We can only shoot waterfowl with bismuth or tungsten here. We can still shoot lead for everything else.


----------



## Camel923 (Aug 13, 2014)

Another case of a solution to a fictitious problem.


----------



## 1skrewsloose (Jun 3, 2013)

I didn't think my neighbor state was so liberal. If you can't ban guns, restrict ammo and enlarge the classes of folks restricted from owning firearms. Soon if you have an overdue book at the library you won't be able to possess.


----------



## Chipper (Dec 22, 2012)

Steel shot and non lead bullets are readily available. What's the big deal? It's not like they are trying to take your guns away, yet.


----------



## RedLion (Sep 23, 2015)

Chipper said:


> Steel shot and non lead bullets are readily available. What's the big deal? It's not like they are trying to take your guns away, yet.

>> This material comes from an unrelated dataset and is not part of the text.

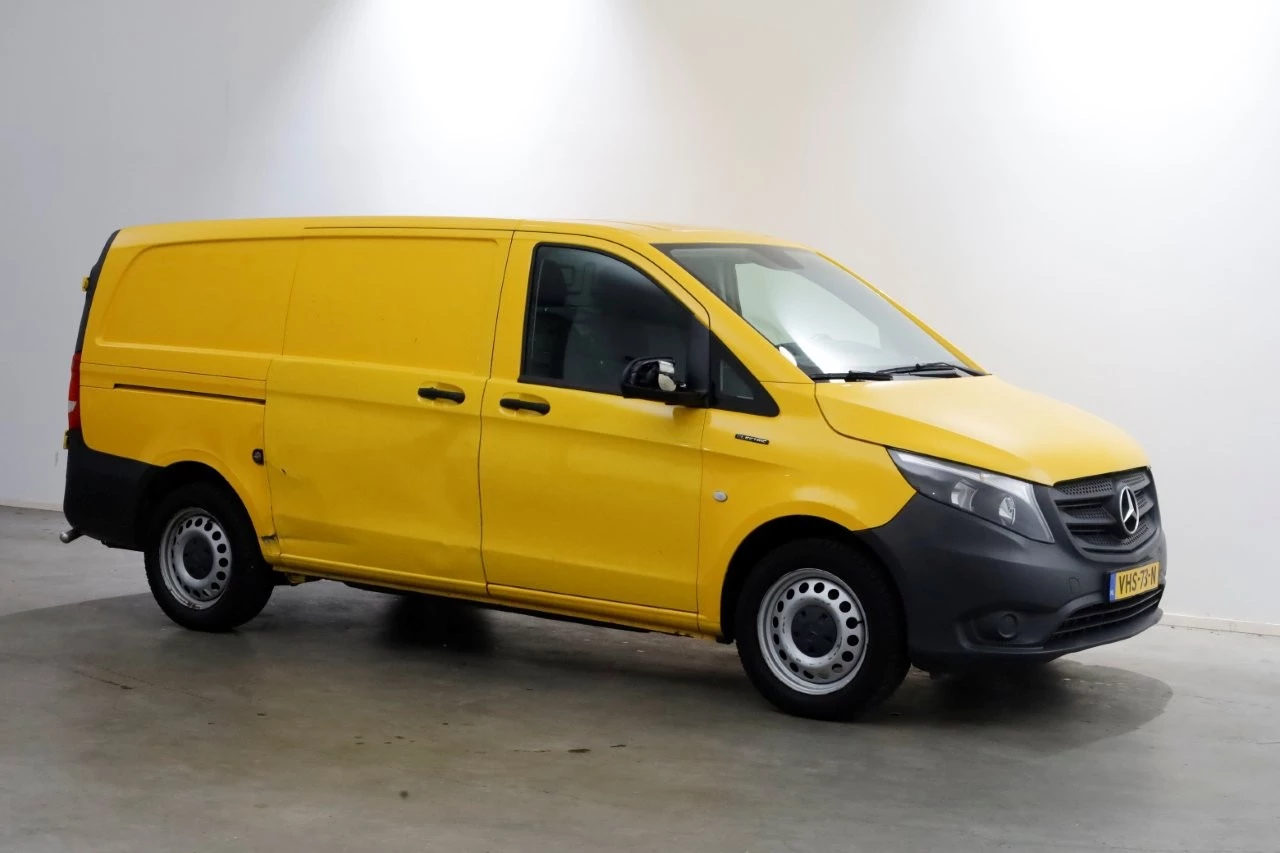 Hoofdafbeelding Mercedes-Benz eVito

It is a change/law with no scientific backing, so why propose it? A change to make a change or a solution looking for a problem is always about gaining more control.


----------



## Grim Reality (Mar 19, 2014)

The story I have heard is that many waterfowl ingest lead pellets from the bottom of lakes and what have you.
This results in lead poisoning for many birds. (Not MY idea, but just what I've heard). 

If you think it's mumbo-jumbo, how many lead pellets are there sitting in the mud of the wetlands? Tons...literally!
And if you don't think that's a problem...well, I think you might be interested in the real estate in Flint, Michigan. 
It is pretty cheap right now!

Just buy the Bismuth or Steel shot and be glad they didn't close down your favorite game spot.

Grim


----------



## Chipper (Dec 22, 2012)

RedLion said:


> It is a change/law with no scientific backing, so why propose it? A change to make a change or a solution looking for a problem is always about gaining more control.

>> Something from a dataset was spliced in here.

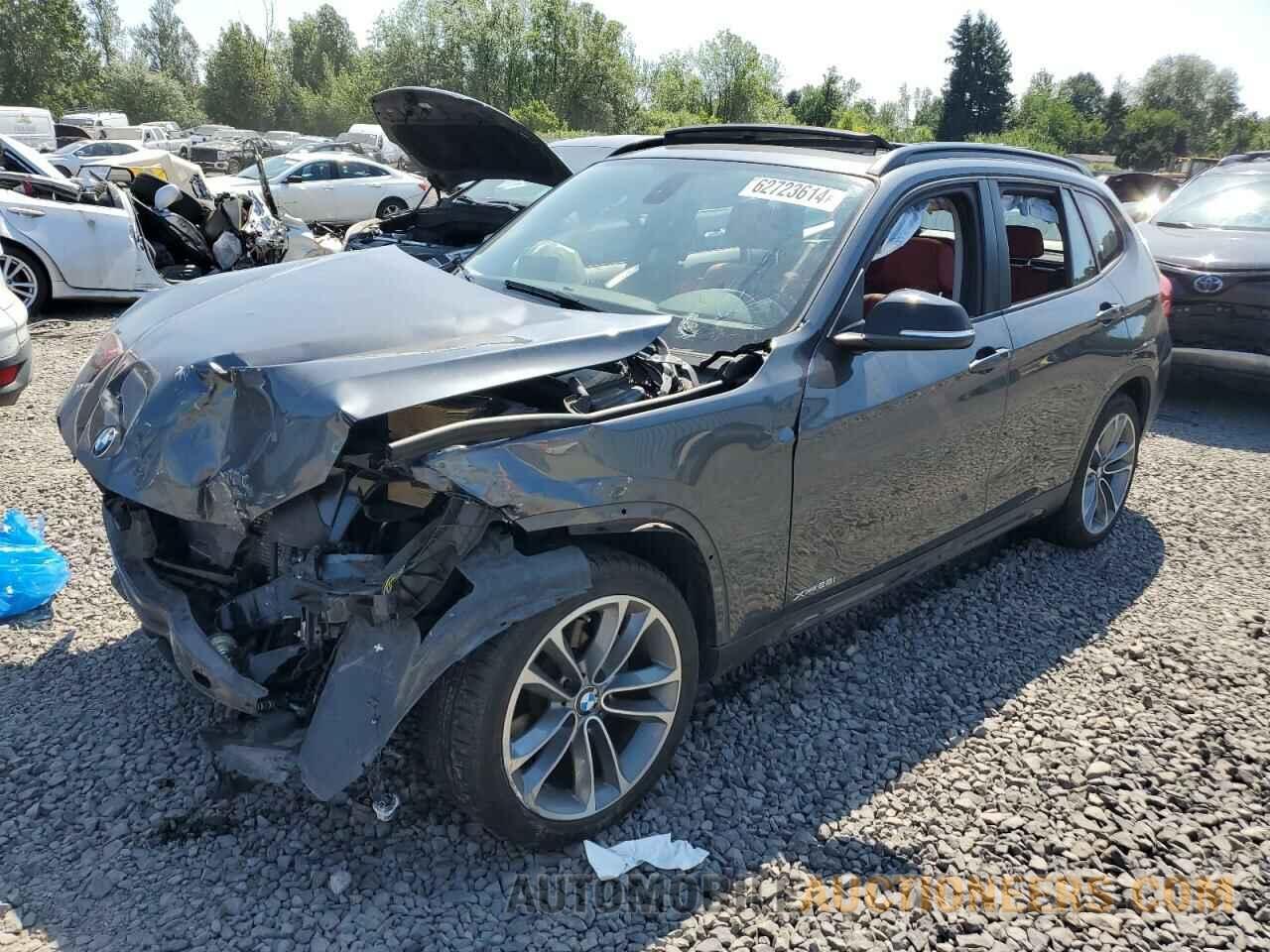 WBAVL1C56FVY25835 BMW X1 2015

 I thought the danger from lead in wildlife and fish has been well documented. Might I suggest voting in a higher caliber person then al franken or the POS ventura into office. That will actually represent the sportsman of your state. Maybe this wouldn't even be an issue.


----------



## Targetshooter (Dec 4, 2015)

Life goes on , do or not do .


----------



## RedLion (Sep 23, 2015)

Chipper said:


> I thought the danger from lead in wildlife and fish has been well documented. Might I suggest voting in a higher caliber person then al franken or the POS ventura into office. That will actually represent the sportsman of your state. Maybe this wouldn't even be an issue.


Lol. While I agree on your assessment of said current and former MN politicians, neither play any part in this.


----------



## Gunner's Mate (Aug 13, 2013)

Lead in Mud is BS The lead continue to sink until coming to rest on rock,


----------



## M118LR (Sep 19, 2015)

Have they turned MN into a shotgun only state yet? Wonder what a difference all those 1 OZ lead slugs are going to make? Ridiculousness!


----------



## RedLion (Sep 23, 2015)

M118LR said:


> Have they turned MN into a shotgun only state yet? Wonder what a difference all those 1 OZ lead slugs are going to make? Ridiculousness!


Only certain regions of MN are shotgun/muzzleloader or no rifle areas.


----------